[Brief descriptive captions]

╔══

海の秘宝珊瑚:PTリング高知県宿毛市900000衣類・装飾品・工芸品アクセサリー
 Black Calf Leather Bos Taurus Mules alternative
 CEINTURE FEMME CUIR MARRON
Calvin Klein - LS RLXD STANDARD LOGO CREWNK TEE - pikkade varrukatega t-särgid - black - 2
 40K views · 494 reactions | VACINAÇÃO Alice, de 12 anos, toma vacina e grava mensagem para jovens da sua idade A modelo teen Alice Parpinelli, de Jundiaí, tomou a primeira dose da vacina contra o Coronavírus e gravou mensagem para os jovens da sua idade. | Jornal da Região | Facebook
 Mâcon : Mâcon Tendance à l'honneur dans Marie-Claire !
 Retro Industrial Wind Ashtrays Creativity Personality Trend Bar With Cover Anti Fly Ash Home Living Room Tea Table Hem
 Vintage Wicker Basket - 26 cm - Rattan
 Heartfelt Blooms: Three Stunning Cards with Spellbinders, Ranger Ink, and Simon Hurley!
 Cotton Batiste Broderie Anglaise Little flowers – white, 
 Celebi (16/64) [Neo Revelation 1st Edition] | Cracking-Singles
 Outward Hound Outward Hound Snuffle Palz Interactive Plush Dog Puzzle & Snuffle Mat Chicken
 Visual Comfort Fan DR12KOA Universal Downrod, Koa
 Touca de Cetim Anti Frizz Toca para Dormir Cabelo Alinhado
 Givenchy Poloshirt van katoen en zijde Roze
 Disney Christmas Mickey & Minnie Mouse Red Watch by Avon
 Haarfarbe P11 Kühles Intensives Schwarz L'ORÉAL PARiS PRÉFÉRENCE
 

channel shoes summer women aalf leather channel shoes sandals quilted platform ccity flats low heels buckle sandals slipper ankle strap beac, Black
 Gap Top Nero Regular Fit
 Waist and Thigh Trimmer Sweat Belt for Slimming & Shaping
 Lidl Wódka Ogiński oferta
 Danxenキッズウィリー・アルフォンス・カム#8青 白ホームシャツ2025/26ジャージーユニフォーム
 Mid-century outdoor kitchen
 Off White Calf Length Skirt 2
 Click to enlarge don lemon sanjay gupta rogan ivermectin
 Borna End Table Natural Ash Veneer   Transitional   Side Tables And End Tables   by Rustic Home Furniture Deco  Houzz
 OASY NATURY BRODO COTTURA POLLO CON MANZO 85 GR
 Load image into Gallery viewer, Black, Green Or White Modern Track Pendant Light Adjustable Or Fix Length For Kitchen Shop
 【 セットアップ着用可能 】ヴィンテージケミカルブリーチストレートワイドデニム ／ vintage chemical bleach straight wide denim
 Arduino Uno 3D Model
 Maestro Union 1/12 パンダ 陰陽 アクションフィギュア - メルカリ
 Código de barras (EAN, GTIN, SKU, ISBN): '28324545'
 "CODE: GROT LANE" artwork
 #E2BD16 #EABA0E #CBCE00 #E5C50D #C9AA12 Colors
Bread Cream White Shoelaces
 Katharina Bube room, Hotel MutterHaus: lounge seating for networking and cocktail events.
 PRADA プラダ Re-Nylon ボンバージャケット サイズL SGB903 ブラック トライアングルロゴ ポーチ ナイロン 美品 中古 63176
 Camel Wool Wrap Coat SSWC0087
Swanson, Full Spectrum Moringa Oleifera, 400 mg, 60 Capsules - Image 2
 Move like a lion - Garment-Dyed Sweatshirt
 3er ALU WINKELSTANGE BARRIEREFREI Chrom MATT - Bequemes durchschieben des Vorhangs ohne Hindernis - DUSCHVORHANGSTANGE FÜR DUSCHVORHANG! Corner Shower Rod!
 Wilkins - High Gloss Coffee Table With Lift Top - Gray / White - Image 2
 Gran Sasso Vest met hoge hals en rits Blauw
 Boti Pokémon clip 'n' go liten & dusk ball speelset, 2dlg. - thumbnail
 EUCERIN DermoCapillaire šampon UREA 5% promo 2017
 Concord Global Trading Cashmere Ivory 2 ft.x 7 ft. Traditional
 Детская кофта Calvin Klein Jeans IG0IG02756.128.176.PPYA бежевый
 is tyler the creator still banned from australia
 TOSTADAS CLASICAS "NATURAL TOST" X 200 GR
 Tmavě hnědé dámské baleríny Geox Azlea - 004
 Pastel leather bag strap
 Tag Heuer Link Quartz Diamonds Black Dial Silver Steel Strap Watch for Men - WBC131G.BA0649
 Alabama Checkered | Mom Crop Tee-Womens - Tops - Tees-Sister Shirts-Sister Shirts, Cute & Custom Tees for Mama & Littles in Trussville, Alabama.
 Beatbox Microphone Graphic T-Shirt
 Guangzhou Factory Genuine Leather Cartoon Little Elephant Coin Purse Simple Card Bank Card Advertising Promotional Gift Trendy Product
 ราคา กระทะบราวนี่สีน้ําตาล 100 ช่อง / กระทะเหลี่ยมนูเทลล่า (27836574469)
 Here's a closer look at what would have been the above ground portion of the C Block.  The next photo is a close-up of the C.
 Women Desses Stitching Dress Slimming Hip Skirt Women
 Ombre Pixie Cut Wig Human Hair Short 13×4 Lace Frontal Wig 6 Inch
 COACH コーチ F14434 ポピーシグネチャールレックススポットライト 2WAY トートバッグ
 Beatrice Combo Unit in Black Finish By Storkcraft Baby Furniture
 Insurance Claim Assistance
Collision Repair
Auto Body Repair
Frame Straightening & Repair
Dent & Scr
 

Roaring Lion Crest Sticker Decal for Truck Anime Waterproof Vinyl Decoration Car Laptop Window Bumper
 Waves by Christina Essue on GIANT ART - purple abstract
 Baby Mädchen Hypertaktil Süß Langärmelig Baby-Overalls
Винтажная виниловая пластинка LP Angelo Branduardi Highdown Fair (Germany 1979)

╚══

### YOUR TASK
What is needed is an exact copy of the entries above, from the first line through the line holding "Click to enlarge", with both of those lines kept; please give nothing else.

### COMPLETED TASK
海の秘宝珊瑚:PTリング高知県宿毛市900000衣類・装飾品・工芸品アクセサリー
 Black Calf Leather Bos Taurus Mules alternative
 CEINTURE FEMME CUIR MARRON
Calvin Klein - LS RLXD STANDARD LOGO CREWNK TEE - pikkade varrukatega t-särgid - black - 2
 40K views · 494 reactions | VACINAÇÃO Alice, de 12 anos, toma vacina e grava mensagem para jovens da sua idade A modelo teen Alice Parpinelli, de Jundiaí, tomou a primeira dose da vacina contra o Coronavírus e gravou mensagem para os jovens da sua idade. | Jornal da Região | Facebook
 Mâcon : Mâcon Tendance à l'honneur dans Marie-Claire !
 Retro Industrial Wind Ashtrays Creativity Personality Trend Bar With Cover Anti Fly Ash Home Living Room Tea Table Hem
 Vintage Wicker Basket - 26 cm - Rattan
 Heartfelt Blooms: Three Stunning Cards with Spellbinders, Ranger Ink, and Simon Hurley!
 Cotton Batiste Broderie Anglaise Little flowers – white, 
 Celebi (16/64) [Neo Revelation 1st Edition] | Cracking-Singles
 Outward Hound Outward Hound Snuffle Palz Interactive Plush Dog Puzzle & Snuffle Mat Chicken
 Visual Comfort Fan DR12KOA Universal Downrod, Koa
 Touca de Cetim Anti Frizz Toca para Dormir Cabelo Alinhado
 Givenchy Poloshirt van katoen en zijde Roze
 Disney Christmas Mickey & Minnie Mouse Red Watch by Avon
 Haarfarbe P11 Kühles Intensives Schwarz L'ORÉAL PARiS PRÉFÉRENCE
 

channel shoes summer women aalf leather channel shoes sandals quilted platform ccity flats low heels buckle sandals slipper ankle strap beac, Black
 Gap Top Nero Regular Fit
 Waist and Thigh Trimmer Sweat Belt for Slimming & Shaping
 Lidl Wódka Ogiński oferta
 Danxenキッズウィリー・アルフォンス・カム#8青 白ホームシャツ2025/26ジャージーユニフォーム
 Mid-century outdoor kitchen
 Off White Calf Length Skirt 2
 Click to enlarge don lemon sanjay gupta rogan ivermectin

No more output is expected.